Which brings us to 2012. A new, final, 4th plan was put forth by the new administration: A single, 2/3 new, 1/3 renovated, modern, energy-efficient building with natural lighting, healthy airflow, green technologies, flexible workspaces and logical layout. The total bond request: $59 million. TOTAL involvement in the process, transparency in the details, and fantastic communication of every conceivable aspect of the plan, including a detailed transition plan for the students during the 2-year development/construction period. Best of all, our total school tax millage would actually DECREASE by 20% even with the new bond, because of 2 existing millages dropping off at the same time.
This, as you probably guessed, drove the Vote No group, which had now completed its' mutation into a virulent anti-tax mini-Tea Party, absolutely nuts. They ranted, they raved, they lied. The fact that our school taxes (already among the lowest in the area) would drop 20% wasn't enough for them; if the bond failed, they reasoned, it would drop even MORE, down to an almost absurdly low 0.75 mills.
The Vote YES organization, which I'm proud to be the webmaster for, ran a near-perfect, positive, inclusive and factual campaign. The founder of the original "No" group started actively working with the YES group. It's also important to note that the Vote YES group, is composed in large part of REPUBLICANS. Fiscally conservative they might be, but they understand the importance of good schools, especially in our community which doesn't have much else to appeal to new home buyers.
And so, an epic battle was joined, primarily between the 20% families-with-school-age-children and the 80% of retirees-whose-kids-were-already-out-of-the-system, with some others (kids in private schools, etc) in between.
Two week before the election, the Vote No group brought in David Littmann, former Bloomfield Hills resident, former Comerica economist, Mackinac Public Policy Guru and Ultra-Conservative Tea Party Economist Extraordinaire, to ride into town to speak out against the bond issue, even though he didn't know a damned thing about it, didn't have a clue what shape the buildings were in and hadn't even lived in the area for over a decade.
One day before the election, they brought out the Big Guns: An 11th-hour ad blitz by Americans for Prosperity. You may know them better as the Koch Brothers. That's right: The Kansas-based oil billionaires decided to sink some pocket change ($10,000, to be precise...I just pulled up their "late contributions" report) into a high school bond issue in Michigan.
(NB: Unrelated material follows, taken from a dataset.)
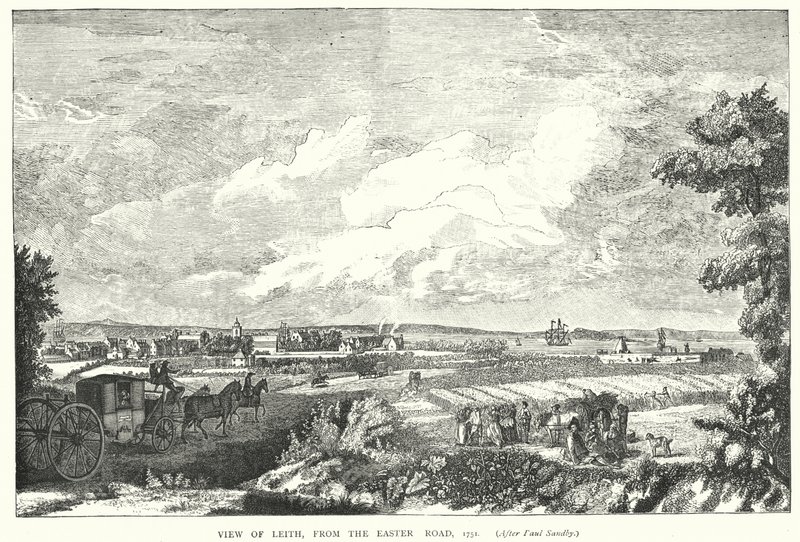 Vista de Leith, da rua da Páscoa, 1751 de English School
Today, thanks to the relentless efforts of hundreds of dedicated Vote YES volunteers, I'm happy to report that the YES vote WON, turning a 45/55 loss just 18 months earlier into a stunning 61% / 39% VICTORY, with a 41% turnout on a sunny May afternoon.
Bear in mind that May elections for single-issue school bond questions are the sort of thing that normally get perhaps 5% turnout. We hit 41%.
That's right: We just kicked the Brothers right in their Kochs.
The best part? THIS WASN'T A PARTISAN BATTLE. Many of my co-volunteers are conservative Republicans, and they know quite well that I'm a pretty liberal Democrat. None of that mattered. We ALL cared about our public schools, and worked together to pull it off.
IT CAN STILL HAPPEN, EVEN TODAY.
And I can now look forward to my son attending a healthy, modern high school that doesn't have rain and animal feces falling through the ceiling.